*What you are asked to do*. Please give back word for word the lines of the material below between the line containing "Grundfos 98890848 CRI" and the line containing "Balcony of Flat", inclusive.

*Records provided*.

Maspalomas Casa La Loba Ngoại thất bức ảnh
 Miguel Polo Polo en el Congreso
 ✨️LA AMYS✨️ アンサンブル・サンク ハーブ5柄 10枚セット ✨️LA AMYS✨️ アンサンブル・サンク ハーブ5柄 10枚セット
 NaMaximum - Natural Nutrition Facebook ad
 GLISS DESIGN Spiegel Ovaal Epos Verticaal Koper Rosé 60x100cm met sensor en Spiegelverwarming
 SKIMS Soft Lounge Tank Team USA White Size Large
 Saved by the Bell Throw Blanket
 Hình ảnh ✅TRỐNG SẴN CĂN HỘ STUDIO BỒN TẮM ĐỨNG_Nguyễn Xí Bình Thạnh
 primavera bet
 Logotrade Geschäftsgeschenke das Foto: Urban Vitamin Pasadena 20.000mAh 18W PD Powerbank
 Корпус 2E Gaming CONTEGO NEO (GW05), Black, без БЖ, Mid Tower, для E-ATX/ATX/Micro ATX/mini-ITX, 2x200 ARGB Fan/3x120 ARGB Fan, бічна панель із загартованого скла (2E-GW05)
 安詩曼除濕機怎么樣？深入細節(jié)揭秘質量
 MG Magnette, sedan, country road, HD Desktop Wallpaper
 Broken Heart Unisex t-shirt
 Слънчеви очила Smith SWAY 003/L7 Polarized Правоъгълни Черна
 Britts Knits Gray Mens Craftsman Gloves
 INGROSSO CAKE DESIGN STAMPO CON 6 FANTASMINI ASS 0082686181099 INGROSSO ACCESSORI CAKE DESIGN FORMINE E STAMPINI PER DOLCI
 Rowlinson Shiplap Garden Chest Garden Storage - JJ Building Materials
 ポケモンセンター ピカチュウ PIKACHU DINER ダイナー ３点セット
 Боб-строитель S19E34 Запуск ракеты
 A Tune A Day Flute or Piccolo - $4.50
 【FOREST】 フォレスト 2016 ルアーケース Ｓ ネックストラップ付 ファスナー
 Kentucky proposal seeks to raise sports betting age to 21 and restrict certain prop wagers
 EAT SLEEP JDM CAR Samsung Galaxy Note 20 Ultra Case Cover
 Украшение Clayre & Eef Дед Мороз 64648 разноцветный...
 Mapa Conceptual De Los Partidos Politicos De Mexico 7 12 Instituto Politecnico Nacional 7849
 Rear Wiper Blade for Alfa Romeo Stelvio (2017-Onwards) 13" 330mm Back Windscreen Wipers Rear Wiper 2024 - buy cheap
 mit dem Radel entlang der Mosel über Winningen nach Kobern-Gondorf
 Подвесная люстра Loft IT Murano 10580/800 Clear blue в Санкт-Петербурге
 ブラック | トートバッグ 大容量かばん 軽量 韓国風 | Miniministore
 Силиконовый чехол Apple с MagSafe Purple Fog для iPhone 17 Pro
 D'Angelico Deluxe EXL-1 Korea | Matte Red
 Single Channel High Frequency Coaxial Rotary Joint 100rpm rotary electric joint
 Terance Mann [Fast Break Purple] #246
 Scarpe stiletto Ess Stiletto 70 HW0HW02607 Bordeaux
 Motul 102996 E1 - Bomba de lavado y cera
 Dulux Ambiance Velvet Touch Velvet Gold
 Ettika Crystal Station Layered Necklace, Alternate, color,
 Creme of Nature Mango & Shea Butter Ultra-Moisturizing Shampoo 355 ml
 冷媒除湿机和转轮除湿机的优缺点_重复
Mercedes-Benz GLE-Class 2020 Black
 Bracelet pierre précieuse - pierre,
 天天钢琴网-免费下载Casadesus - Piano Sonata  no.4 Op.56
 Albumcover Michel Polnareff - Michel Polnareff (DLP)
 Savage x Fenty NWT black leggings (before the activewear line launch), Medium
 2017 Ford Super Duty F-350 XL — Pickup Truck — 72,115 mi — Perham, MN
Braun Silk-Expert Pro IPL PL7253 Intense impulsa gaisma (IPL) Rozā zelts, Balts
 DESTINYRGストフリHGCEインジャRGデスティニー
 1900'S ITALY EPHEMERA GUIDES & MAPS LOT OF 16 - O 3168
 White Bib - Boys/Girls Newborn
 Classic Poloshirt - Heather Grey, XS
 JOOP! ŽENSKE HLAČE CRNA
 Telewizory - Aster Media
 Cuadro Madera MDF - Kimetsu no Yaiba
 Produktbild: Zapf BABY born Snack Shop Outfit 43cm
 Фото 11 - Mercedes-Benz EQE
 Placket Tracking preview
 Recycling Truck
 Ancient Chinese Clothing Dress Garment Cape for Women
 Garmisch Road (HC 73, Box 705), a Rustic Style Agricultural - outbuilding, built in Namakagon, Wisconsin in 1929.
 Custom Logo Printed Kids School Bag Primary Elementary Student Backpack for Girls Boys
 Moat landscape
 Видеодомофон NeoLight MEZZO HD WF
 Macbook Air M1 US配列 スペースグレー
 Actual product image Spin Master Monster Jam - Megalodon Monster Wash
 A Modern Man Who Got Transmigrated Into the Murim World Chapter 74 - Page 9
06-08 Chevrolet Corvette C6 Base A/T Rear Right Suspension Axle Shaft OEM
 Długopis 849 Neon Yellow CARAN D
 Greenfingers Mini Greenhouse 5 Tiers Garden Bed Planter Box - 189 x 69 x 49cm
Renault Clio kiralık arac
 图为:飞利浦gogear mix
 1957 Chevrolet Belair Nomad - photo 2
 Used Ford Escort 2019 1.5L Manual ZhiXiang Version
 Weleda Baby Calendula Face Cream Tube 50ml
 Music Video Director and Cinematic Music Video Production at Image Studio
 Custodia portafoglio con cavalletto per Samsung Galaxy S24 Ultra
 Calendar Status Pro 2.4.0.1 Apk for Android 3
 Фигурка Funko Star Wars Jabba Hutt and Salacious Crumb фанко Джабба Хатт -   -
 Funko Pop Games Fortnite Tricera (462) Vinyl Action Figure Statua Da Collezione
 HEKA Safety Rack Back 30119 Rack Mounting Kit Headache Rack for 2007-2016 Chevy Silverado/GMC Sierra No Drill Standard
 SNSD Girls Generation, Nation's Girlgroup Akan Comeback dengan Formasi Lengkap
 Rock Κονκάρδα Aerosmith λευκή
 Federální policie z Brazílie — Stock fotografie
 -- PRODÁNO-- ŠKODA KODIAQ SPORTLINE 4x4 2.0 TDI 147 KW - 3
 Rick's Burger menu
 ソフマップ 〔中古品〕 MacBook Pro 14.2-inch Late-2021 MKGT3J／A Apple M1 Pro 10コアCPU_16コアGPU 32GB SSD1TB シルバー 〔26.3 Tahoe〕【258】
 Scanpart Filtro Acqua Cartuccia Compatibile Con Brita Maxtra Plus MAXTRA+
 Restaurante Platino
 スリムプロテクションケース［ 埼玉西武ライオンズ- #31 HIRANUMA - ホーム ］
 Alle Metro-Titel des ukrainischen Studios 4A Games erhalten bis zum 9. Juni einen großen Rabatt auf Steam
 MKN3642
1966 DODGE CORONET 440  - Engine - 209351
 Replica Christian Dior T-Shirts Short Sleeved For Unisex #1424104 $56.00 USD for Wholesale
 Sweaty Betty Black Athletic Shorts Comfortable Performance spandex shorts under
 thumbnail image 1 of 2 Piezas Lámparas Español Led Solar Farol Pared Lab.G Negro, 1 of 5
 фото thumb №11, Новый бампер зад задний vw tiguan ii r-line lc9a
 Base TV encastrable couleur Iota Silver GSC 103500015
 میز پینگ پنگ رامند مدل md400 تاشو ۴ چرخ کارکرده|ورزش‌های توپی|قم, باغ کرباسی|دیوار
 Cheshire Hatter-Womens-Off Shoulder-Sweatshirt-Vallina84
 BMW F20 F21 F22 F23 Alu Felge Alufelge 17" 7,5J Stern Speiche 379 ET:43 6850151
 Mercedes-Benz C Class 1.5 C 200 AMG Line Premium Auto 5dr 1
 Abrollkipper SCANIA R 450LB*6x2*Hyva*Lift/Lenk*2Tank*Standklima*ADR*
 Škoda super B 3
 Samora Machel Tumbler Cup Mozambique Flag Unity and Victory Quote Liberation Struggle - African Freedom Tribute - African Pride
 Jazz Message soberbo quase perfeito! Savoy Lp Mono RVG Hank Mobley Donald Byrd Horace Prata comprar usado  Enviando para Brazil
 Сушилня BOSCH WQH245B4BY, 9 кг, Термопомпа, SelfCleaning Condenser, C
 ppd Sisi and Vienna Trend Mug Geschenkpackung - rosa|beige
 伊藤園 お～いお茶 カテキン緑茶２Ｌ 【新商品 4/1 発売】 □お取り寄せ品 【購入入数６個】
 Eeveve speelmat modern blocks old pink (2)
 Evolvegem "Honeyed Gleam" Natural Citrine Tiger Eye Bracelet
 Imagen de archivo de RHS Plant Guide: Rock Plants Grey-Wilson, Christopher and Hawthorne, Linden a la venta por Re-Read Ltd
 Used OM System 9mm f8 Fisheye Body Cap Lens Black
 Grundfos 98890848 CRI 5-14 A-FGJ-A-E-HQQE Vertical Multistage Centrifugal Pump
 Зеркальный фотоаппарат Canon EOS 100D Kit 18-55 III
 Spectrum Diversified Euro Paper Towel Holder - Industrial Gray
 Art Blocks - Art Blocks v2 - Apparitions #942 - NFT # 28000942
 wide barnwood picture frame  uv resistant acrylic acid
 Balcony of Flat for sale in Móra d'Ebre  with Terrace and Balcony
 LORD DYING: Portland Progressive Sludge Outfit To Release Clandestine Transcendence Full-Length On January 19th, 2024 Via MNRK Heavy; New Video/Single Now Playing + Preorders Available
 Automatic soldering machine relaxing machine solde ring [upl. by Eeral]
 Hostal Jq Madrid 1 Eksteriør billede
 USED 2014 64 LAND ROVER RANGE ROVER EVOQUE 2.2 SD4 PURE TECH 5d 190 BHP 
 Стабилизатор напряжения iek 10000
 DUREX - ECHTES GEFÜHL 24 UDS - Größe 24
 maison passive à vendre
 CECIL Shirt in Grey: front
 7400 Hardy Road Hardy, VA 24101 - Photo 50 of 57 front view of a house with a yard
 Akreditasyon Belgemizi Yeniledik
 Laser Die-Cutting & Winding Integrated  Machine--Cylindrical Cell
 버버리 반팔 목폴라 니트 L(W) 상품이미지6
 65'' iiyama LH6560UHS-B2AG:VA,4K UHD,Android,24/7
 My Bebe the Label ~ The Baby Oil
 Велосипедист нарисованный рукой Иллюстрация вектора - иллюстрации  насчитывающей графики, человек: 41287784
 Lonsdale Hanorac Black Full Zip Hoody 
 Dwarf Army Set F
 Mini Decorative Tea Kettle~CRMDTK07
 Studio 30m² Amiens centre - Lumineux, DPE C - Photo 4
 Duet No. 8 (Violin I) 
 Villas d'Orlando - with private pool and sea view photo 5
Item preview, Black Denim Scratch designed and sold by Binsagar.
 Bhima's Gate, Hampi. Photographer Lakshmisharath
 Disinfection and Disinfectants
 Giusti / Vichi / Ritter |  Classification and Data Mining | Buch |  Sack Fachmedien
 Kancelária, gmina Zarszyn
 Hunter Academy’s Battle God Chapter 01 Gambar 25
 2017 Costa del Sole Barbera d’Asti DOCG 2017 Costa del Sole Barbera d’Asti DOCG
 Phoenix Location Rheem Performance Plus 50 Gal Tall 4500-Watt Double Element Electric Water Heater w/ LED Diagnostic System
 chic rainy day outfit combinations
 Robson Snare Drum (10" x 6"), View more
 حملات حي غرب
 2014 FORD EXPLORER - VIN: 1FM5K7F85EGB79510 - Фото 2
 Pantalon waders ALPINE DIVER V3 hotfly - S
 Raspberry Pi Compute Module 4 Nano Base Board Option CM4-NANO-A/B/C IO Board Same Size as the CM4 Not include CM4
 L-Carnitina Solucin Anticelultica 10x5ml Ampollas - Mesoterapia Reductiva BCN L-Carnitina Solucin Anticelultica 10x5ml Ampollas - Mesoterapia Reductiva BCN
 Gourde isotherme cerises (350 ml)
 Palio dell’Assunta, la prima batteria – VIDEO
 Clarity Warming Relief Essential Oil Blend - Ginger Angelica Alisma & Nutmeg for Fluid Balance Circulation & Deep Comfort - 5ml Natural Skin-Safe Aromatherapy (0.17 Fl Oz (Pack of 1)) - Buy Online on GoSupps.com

*Reply to the exercise*.
 Grundfos 98890848 CRI 5-14 A-FGJ-A-E-HQQE Vertical Multistage Centrifugal Pump
 Зеркальный фотоаппарат Canon EOS 100D Kit 18-55 III
 Spectrum Diversified Euro Paper Towel Holder - Industrial Gray
 Art Blocks - Art Blocks v2 - Apparitions #942 - NFT # 28000942
 wide barnwood picture frame  uv resistant acrylic acid
 Balcony of Flat for sale in Móra d'Ebre  with Terrace and Balcony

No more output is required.